I think so. I know he only played a few years with the Braves, and was generally a journeyman which hurts his overall case, but McGriff was a great power hitter who slugged over .500 in nearly 9,oo0 ABs, numbers not adjusted for age decline. He was a remarkably consistent hitter: as effective at age 38 as he was as a rookie. Interestingly, the worst year of the relevant portion of his career came with the Braves. I ultimately think that McGriff will be a hall of famer, and when he does, it will count towards the hall of famers who helped the 90’s Braves.
Jones is a 10 time gold glove winner and perhaps the greatest defensive outfielder in the last 25 years. He’s still going as well, though the Rangers have moved him out of center field, he’s one of the best defensive corner outfielders in the majors this year, according to UZR. Historically though, Jones has been viewed as a bit of an underachiever, and his best chance to make the hall of fame is to do something great with his bat in the last part of his career. Jones is only 32. He’s got 388 homers. If he hits 500, he’s a sure fire hall of famer given his defensive value. I mean, heck, shortstop may be a glorified defensive position, but Omar Vizquel is going to get some hall of fame support and he has almost no offensive value. I think, and we’ll know a lot more at the end of next year, that Andruw Jones is a hall of famer.
Furcal has been maybe the best NL shortstop in the league over the last five years or so, and as a Brave product who helped to extend the string of division titles past where it perhaps deserved to be based on the peak of players like Jones, Maddux, Glavine, et al. But he’s not going into the hall. He’s a middling hitter in a historical context, and though he has tools, he’s not as good defensively according to UZR as he sometimes gets compared to.

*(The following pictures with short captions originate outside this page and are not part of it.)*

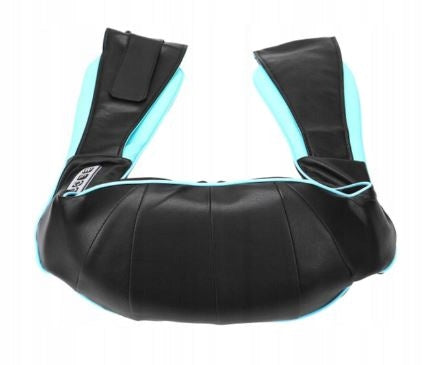 Neck and Neck Massager OROMED Neck Massager Shitasu Color black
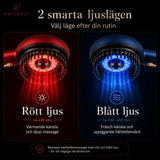 Massageborste för Hårbotten
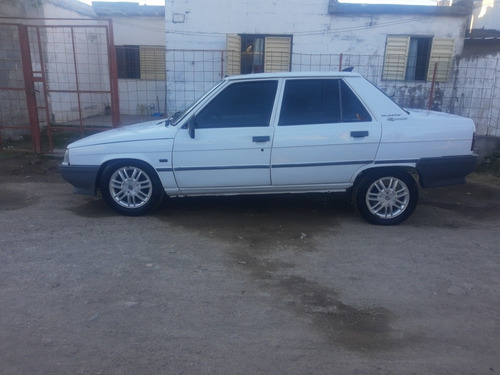 Imagen 3 de 4 de Renault R9 1994 1.6 Ts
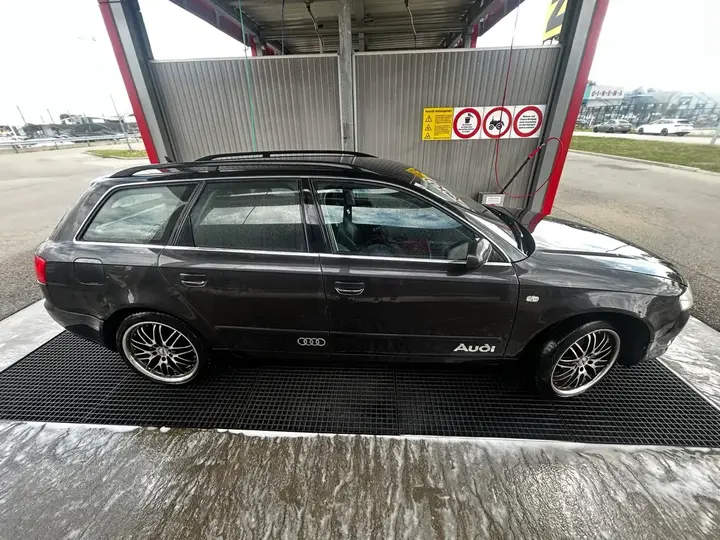 Audi A4 2006 photo 3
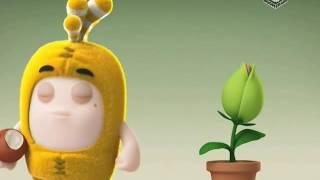 Oddbods (Телепузы) ep13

McCann is only 25, is currently the leagues best hitting catcher, but didn’t play that much as a rookie in the 14th consecutive division championship, so putting him on this list might be out of context in the spirit of the list. His 122 OPS+ is excellent for a young catcher, and while it way too early to make a hall of fame case, he’s on the right track.
The interesting thing is that not one of these players fits nicely into the era in question, save Andruw Jones perhaps. But after looking at a lot of the fringe hall of famers from this era, I think I’m going to have to side with the over. I feel like the Braves should have about 6 hall of famers from the era, so 5 seems incredibly reasonable. I’m sold on the hall cases of Fred McGriff and Andruw Jones, and when you add them to a list that includes John Smoltz, Greg Maddux, Chipper Jones, and Tom Glavine, I’d say that this era of Braves dominance will be well represented in Cooperstown one day.